→ WHAT IS REQUIRED: Extract, exactly as written, the line that contains "Der Gipfel Cairn" and all lines after it through the end of the records. Omit pictures.

Start of THE INPUT

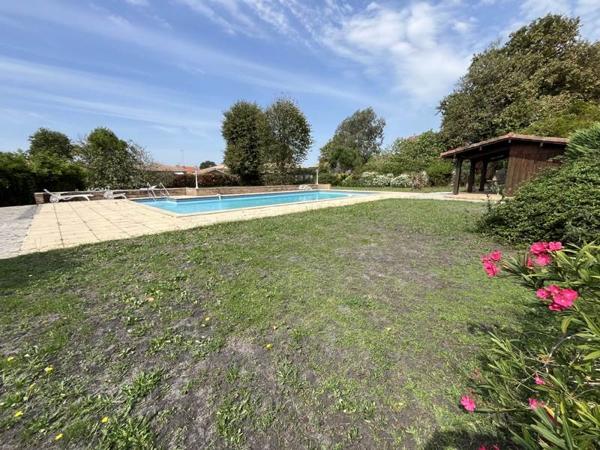 Maison à vendre |  Biganos |  5 pièces | 210 m²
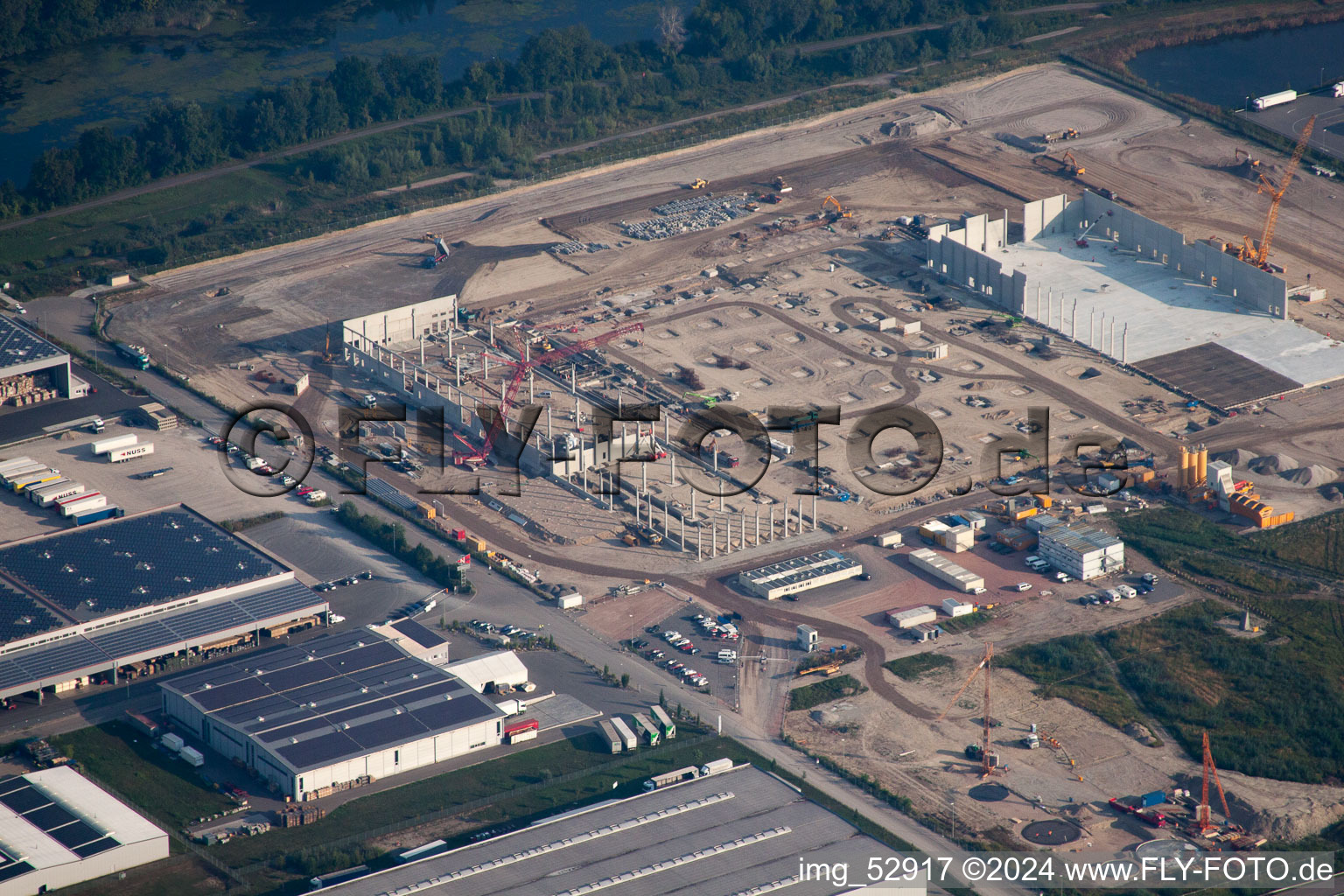 Zone industrielle d'Oberwald à le quartier Maximiliansau in Wörth am Rhein dans le département Rhénanie-Palatinat, Allemagne vue du ciel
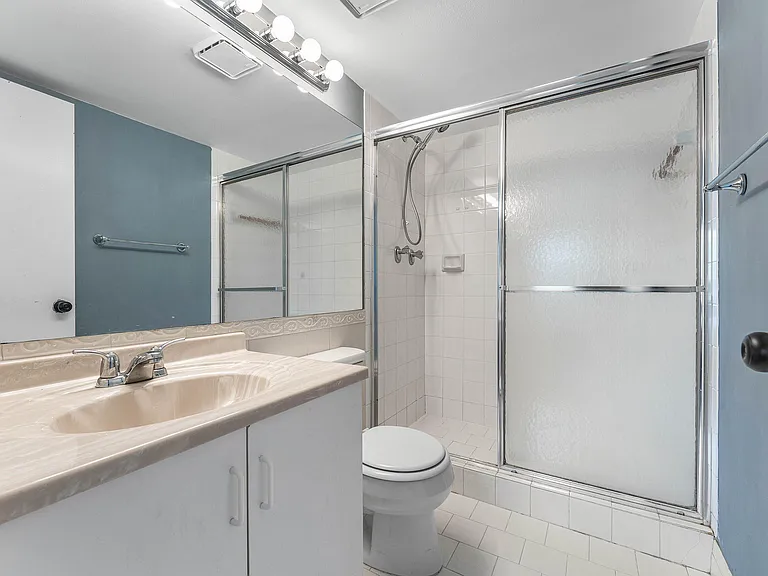 170 Waterside Dr #170 — Photo 18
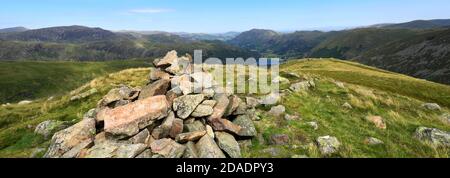 Der Gipfel Cairn of Middle Dodd Fell, Hartsop Valley, Kirkstone Pass, Lake District National Park, Cumbria, England, Großbritannien der mittlere Dodd Fell ist einer der Stockfoto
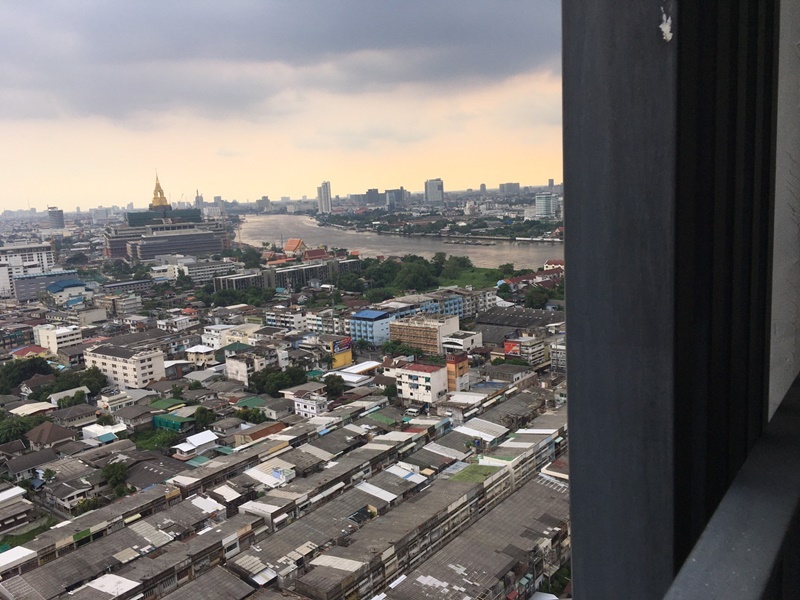 ให้เช่าคอนโด เดอะ ทรี อินเตอร์เชนจ์ พื้นที่ 36 ตร.ม. 1 ห้องนอน เช่า 9,000 บ/ด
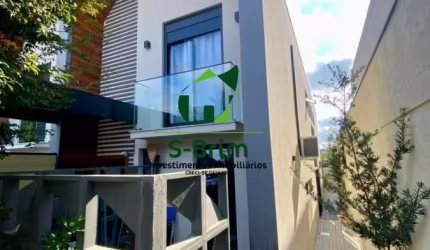 Sobrado com arquitetura moderna a venda em Atibaia/SP Bairro Jardim dos Pinheiros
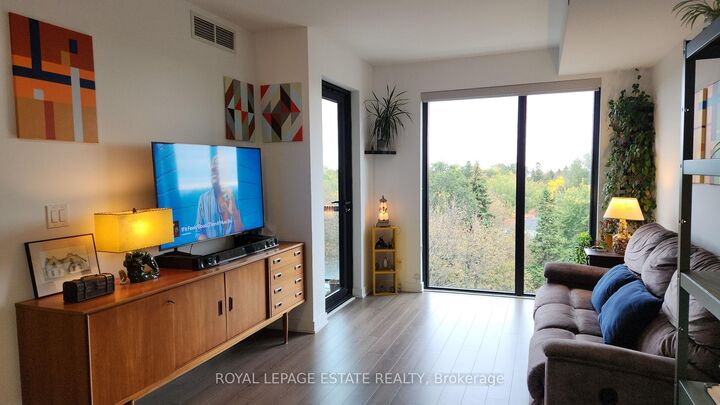Property Photo:  2799 Kingston Road 603  ON M1M 0E3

End of THE INPUT

→ YOUR RESPONSE:
 Der Gipfel Cairn of Middle Dodd Fell, Hartsop Valley, Kirkstone Pass, Lake District National Park, Cumbria, England, Großbritannien der mittlere Dodd Fell ist einer der Stockfoto
 ให้เช่าคอนโด เดอะ ทรี อินเตอร์เชนจ์ พื้นที่ 36 ตร.ม. 1 ห้องนอน เช่า 9,000 บ/ด
 Sobrado com arquitetura moderna a venda em Atibaia/SP Bairro Jardim dos Pinheiros
Property Photo:  2799 Kingston Road 603  ON M1M 0E3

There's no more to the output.